A Multi-observable Approach to Address the Ill-Posed Nature of Inverse Fire Modeling Problems

Abstract

This study considers the development and evaluation of a prototype inverse fire model (IFM) aimed at predicting the heat release rate of a compartment fire using smoke layer information gained from building environmental sensors. The proposed methodology consists in: performing a search for the unknown heat release rate (HRR) by performing hundreds of different zone model simulations; comparing model predictions to observation data and thereby formulating an error function; using an optimization technique to minimize the error function and thereby producing a best estimate of HRR. The prototype IFM algorithm uses a zone fire model called BRI2002 (developed by the Building Research Institute in Japan) in conjunction with a genetic algorithm for optimization. The IFM algorithm is here applied to a reduced-scale laboratory experiment consisting of steady, over-ventilated, fire conditions in a simple multi-compartment (three rooms) configuration.

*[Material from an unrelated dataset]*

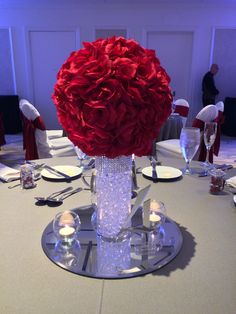 the centerpieces on this round table are made from glass and red rose petals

The IFM algorithm is applied using a multiple-variable formulation in which both the fire size and the fire compartment venting conditions are assumed unknown, and using a one-observable or a two-observable scheme providing information on either the smoke layer temperature or on both the smoke layer temperature and depth. This framework is of particular interest because in the case of a one-observable scheme, the inverse fire problem is ill-posed, i.e. the optimization problem features multiple solutions and may converge to incorrect predictions of the fire size. This study shows that the two-observable scheme provides a way to regularize the inverse fire modeling problem, i.e. a way to provide a unique fire size solution. Our tests indicate that IFM-based estimates of HRR have an accuracy of better than 40%.